AT&T agreed to buy DirecTV for $48.5 billion on Sunday. On Monday morning, the companies held a conference call with investors, emphasizing that the deal means more broadband and a greater range of options for customers.
AT&T’s broadband TV, cellular, and fixed-line phone-service packages would benefit from a deal with DirecTV, the biggest US satellite TV provider, said AT&T CEO Randall Stephenson on the conference call. Further, the deal would give AT&T the opportunity to take premium content and deliver it over multiple points for the customer, such as smartphone, tablet, TV, or laptop, he added.
And DirecTV’s 20 million US customers could for the first time receive broadband Internet as part of their service.
A statement from the companies also emphasized what they see as the deal’s benefits: more high-speed broadband competition for 15 million customers; stand-alone broadband; nationwide package pricing on DirecTV; and net neutrality commitment.
AT&T also noted that one of the deal’s perks will be the addition of the NFL Sunday Ticket package, although that deal will expire at the end of the upcoming NFL season.
"This is a unique opportunity that will redefine the video entertainment industry and create a company able to offer new bundles and deliver content to consumers," Stephenson said in a statement.
The merger will also give AT&T a larger base of video subscribers — 38 million in the US and Latin America.
Mike White, DirecTV’s president and CEO, said in a statement that shareholders will benefit from the enhanced value of the combined company. Employees will be part of a stronger, more competitive company "well positioned to meet the evolving video and broadband needs of the 21st century marketplace," he explained.
DirecTV will continue to be headquartered in El Segundo, California, after the deal closes, and White will stay onboard as CEO until he retires in 2015.

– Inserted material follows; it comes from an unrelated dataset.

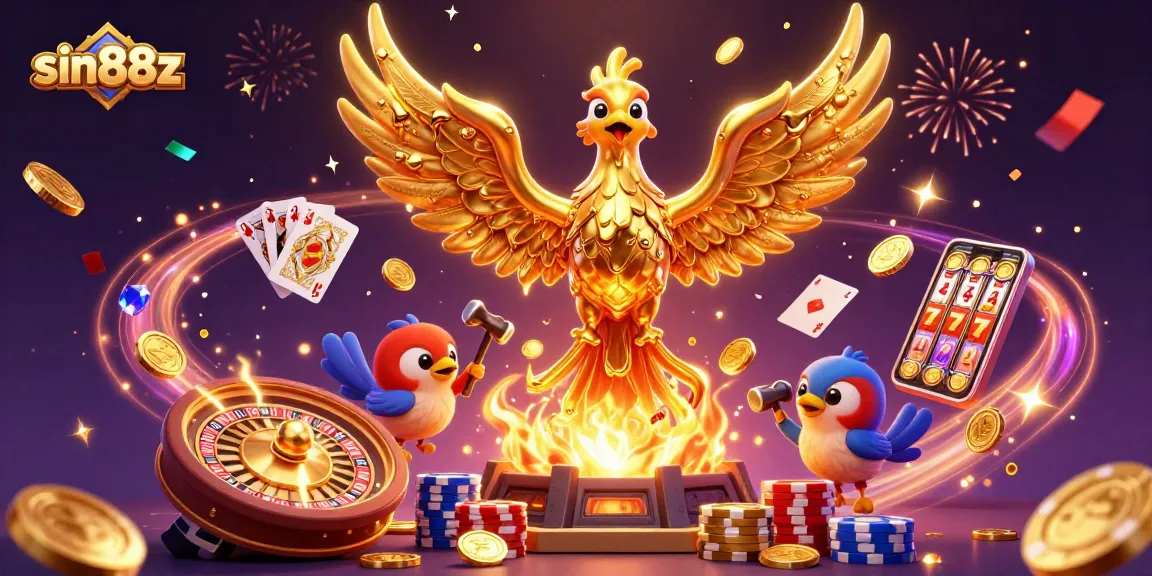 Join the excitement with sin88z as golden coins rain down in a vibrant casino scene.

Some consumer groups are lining up against the deal.
"Their prices end up going up when there is less choice, less competition," said Craig Aaron, president of the nonprofit media and technology advocacy group Free Press told ABC News.
Delara Derakhshani, policy counsel for Consumers Union, the advocacy arm of Consumer Reports, told Reuters that "you can't justify AT&T buying DirecTV by pointing at Comcast's grab for Time Warner, because neither one is a good deal for consumers."

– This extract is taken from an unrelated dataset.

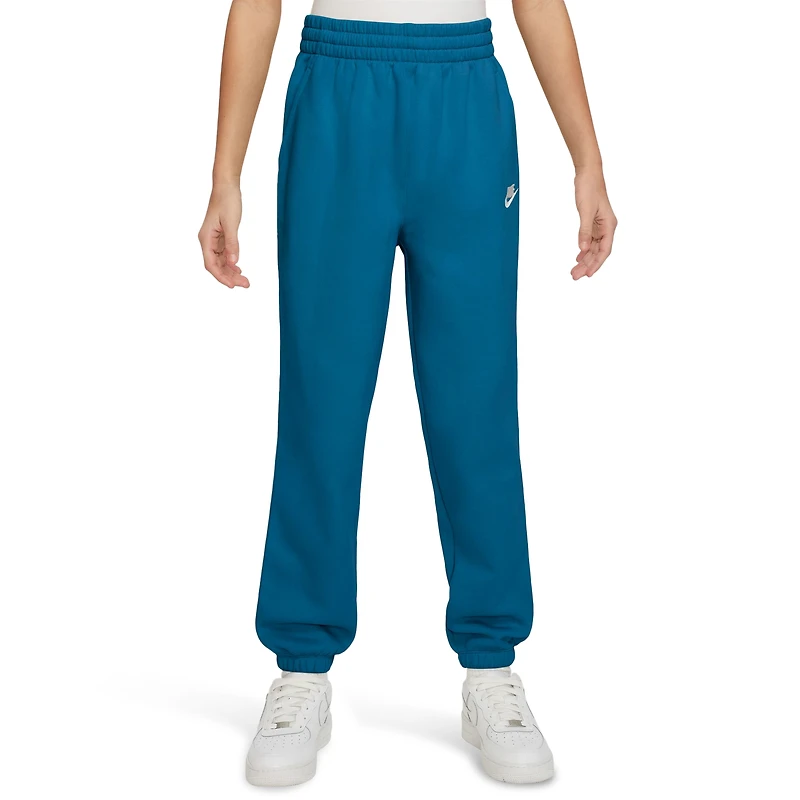 Nike Girls NSW Loose Club Fleece Pant - Girls' Grade School Teal/White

Although federal regulators will scrutinize the merger, Re/code notes it shouldn’t be that hard to get the deal through because there is little overlap between the two companies’ business models. Yet regulators are likely to question AT&T about its U-verse service, which competes with DirecTV.
Joele Frank, Wilkinson Brimmer Katcher is supporting DirecTV on comms for the deal, confirmed Annabelle Rinehart, MD at the firm. She declined to elaborate on how it would affect the internal comms team at the company or its agency relationships.
Representatives from AT&T and DirecTV were not immediately available for comment. The deal is expected to close in 12 months, the companies said.